Below is the screenshot taken from my iPhone X with some text written in Sketch.


We’re dealing with a portrait image for now, so the math is quite straightforward. If your project supports landscape images, then you may need to flip the coordinates of normalisedRect accordingly.

Still within the BoxService, we should crop the image in the detected rectangle for OCR. The rectangle of detected region by Vision matches the text tightly, so we need to increase the rectangle a bit to accommodate for top and bottom edges, this makes it easier for text recognition to work.

private func cropImage(image: UIImage, normalisedRect: CGRect) -> UIImage? {
    let x = normalisedRect.origin.x * image.size.width
    let y = normalisedRect.origin.y * image.size.height
    let width = normalisedRect.width * image.size.width
    let height = normalisedRect.height * image.size.height

    let rect = CGRect(x: x, y: y, width: width, height: height).scaleUp(scaleUp: 0.1)

    guard let cropped = image.cgImage?.cropping(to: rect) else {
      return nil

    let croppedImage = UIImage(cgImage: cropped, scale: image.scale, orientation: image.imageOrientation)
    return croppedImage

Cropping the detected text image

Vision can detect many texts on the screen, but for simplicity let’s deal with the biggest image, since that’s the one that usually contains the preferred expression. To get the frame for the cropped image, we multiple normalisedRect’s coordinates with the captured image size.

The croppedImage should contain text — you can use Quick Look in Xcode to check by selecting the croppedImage variable in the bottom expression panel, then by clicking on the eye icon to open Quick Look for the image.


Text recognition with an OCR framework

I personally like solutions that work well with Swift, so I tried SwiftOCR first. It’s written purely in Swift and the API is easier to get started. . The benchmark in the README even states that it performs even better than Tesseract.

let instance = SwiftOCR()

private func handleWithSwiftOCR(image: UIImage) {
  instance.recognize(image, { string in
    DispatchQueue.main.async {
      self.delegate?.ocrService(self, didDetect: string)

For some reason, SwiftOCR didn’t work well. It might because I used the font “Lato” in my initial Sketch. SwiftOCR allows custom training for new fonts, but because I was lazy, I tried Tesseract.


Tesseract “is an optical character recognition engine for various operating systems. It is free software, released under the Apache License, Version 2.0, and development has been sponsored by Google since 2006”.

The iOS port is open sourced on GitHub and has CocoaPods support.
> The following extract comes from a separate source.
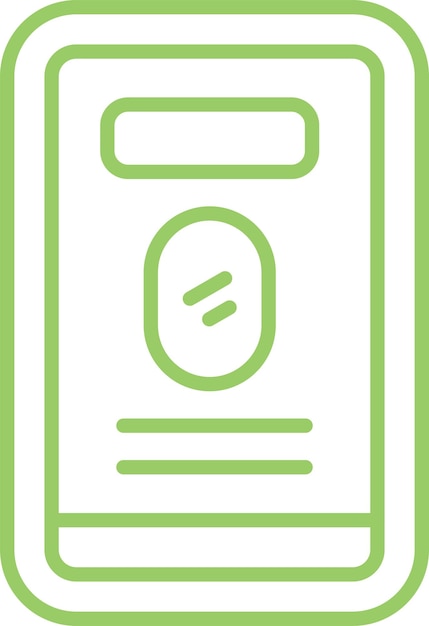 Estilo del icono de salida del diseño vectorial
Simply pod install ‘TesseractOCRiOS’ in your Podfile and you’re good to go.

As explained in the README and in the TestsProject, tessdata is needed — it contains language information to make Tesseract work. Without this tessdata, the framework TesseractOCR will give you a warning about missing TESSDATA_PREFIX.

Download the tessdata here, and add it as a reference to your Xcode project. The color blue indicates that this folder has been added as a reference.


You may also need to add libstdc++.dylib and CoreImage.framework to your target. Additionally, this library isn’t compatible with Bitcode in Xcode, so you’ll need to disable Bitcode in your target settings.


Using Tesseract is easy. Remember to import TesseractOCR, not TesseractOCRiOS:

let tesseract = G8Tesseract(language: "eng")!

tesseract.engineMode = .tesseractCubeCombined
tesseract.pageSegmentationMode = .singleBlock

private func handleWithTesseract(image: UIImage) {
  tesseract.image = image.g8_blackAndWhite()
  let text = tesseract.recognizedText ?? ""
  delegate?.ocrService(self, didDetect: text)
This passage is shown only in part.